Disaster recovery is an essential service for EDF with Phenix-IT
For French power generation utility EDF, the efficiency and reliability of its business continuity (BC) and disaster recovery (DR) plans, and the technology they rest upon, go way beyond the organization – they extend to the functioning of the country itself.
In this article, we look at how EDF build its BC/DR provision across the entire organization, to cover potential outages in its datacentres, cyber attacks, and even the once-a-century likelihood of major flooding around Paris. In other words, all the risks identified by its IT department.
To deliver its DR plans, EDF developed an application dedicated to the job that it calls Phenix-IT. “We needed a tool to manage the recovery plan in case of a data center disaster,” says Bruno Leyris, head of IT BC/DR and crisis management at EDF.
But the objective of Phenix-IT is twofold. Firstly, it is an operational tool that functions in real time when a datacentre DR plan is activated. Secondly, it is also used daily to manage and generate reporting on the leadership at EDF and its lines of business.
Leyris underlines the role of Phenix-IT in testing and improving BC/DR provision. “We use Phenix-IT regularly during our annual exercises,” he says. “Every year we simulate the destruction of data centers and follow the recovery of activity through Phenix-IT.
“Within the framework provided by these exercises, we generate reporting and graphics, and communicate findings using secure tools across the group’s crisis management organization.”
Beyond this operational role during crisis management, Phenix-IT collects data relevant to these exercises. Analysis of that data contributes to improvements in crisis management and the recovery plan.
Phenix-IT: An increasingly rich and sophisticated application
Since its launch 12 years ago, Phenix-IT has evolved hugely, with numerous areas of functionality added to the original application jointly with software provider Mega. Among the most significant additions during the life of Phenix-IT has been the roll-out of workflows between key actors in crisis management and secure communications that alert members of crisis teams.
These tools enable efficient decision-making via information sharing on a 24/7 basis. Securing them is essential because if the crisis is triggered by a cyber attack, it is important that the attackers cannot listen in.
Reporting on Phenix-IT has been a particular focus of development in recent years.
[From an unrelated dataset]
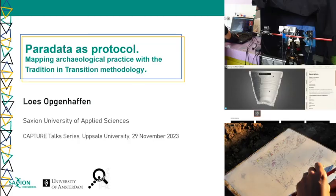I'm happy to share my thoughts on current practices, especially on creation of data and paradata and how to deal with this.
During any disaster, the software delivers forecasting graphics. It is also integrated with impact simulation functionality that allows IT teams to test system resilience via Phenix-IT.
Outside the key role played by Phenix-IT during crisis simulations, it is also used by IT on a daily basis and has become a standard for the EDF group.
“Beyond its disaster recovery functionality, impact simulation and secure communications, Phenix-IT has become a vital standard in IT,” says Leyris. “It is accessible by security staff to collect information and test the resilience of IT systems in quiet times.”
Modernization on Mega Hopex
Phenix-IT was developed on a now-obsolete version of the Mega platform which had become increasingly costly to maintain. So, a project to update it was launched recently. After analysis, it was decided to continue with Mega, but to migrate to the company’s Hopex platform, which is dedicated to management of governance, risk and compliance.
“This solution opened up new possibilities for us while ensuring continuity in our approach,” says Leyris. “And we also came back to standards that we had diverged from.”
EDF’s CIO had progressively deployed an agile mode of operation with Mega. EDF project chiefs, developers and Mega’s sales force were all involved. “Phenix-IT is now in its ninth year of evolution,” says Leyris. “Lots of people have taken part in the project, but they have always taken care to understand the aims and added value that EDF expects from the software in times of disaster as well as under normal working.”
The project team produces two major versions a year, and these are very constrained in terms of the timeframes they must meet. Each major version must be completed before every exercise.
“Every six months, we have a major version of Phenix-IT for our disaster recovery exercises,” says Leyris. “It’s a constraint of time and quality because we can’t have Phenix-IT crashing during the exercise.”
Agile organization allows for continuous improvements in Phenix-IT. Outside times when DR exercises are running, those responsible for crisis management in EDF connect via the tool to deliver analyses, including between IT and the business.
Number of objects growing by 10% a year
A key challenge facing Phenix-IT and the DR plan is growth – of 10% each year – of elements that it must track in EDF’s IT systems. The software has to continuously integrate data from new sources, and that brings further work on the quality of data ingested by Hopex. Increases in raw data and the new functionality that accompanies growth affect the plan in terms of the power and availability of the platform.
EDF wants to keep developing the platform, with the chief idea being to increasingly integrate Phenix-IT with crisis management processes.
“We want to work on ergonomics to make the software more intuitive,” says Leyris. “Someone woken in the middle of the night during a disaster needs an intuitive tool.”
Also, Phenix-IT needs to be improved to facilitate the business continuity team’s work in case of ransomware attack.
Currently, Phenix-IT runs on Hopex v3, but the project team is studying its possible migration to v5 and putting new functionality in that version to work.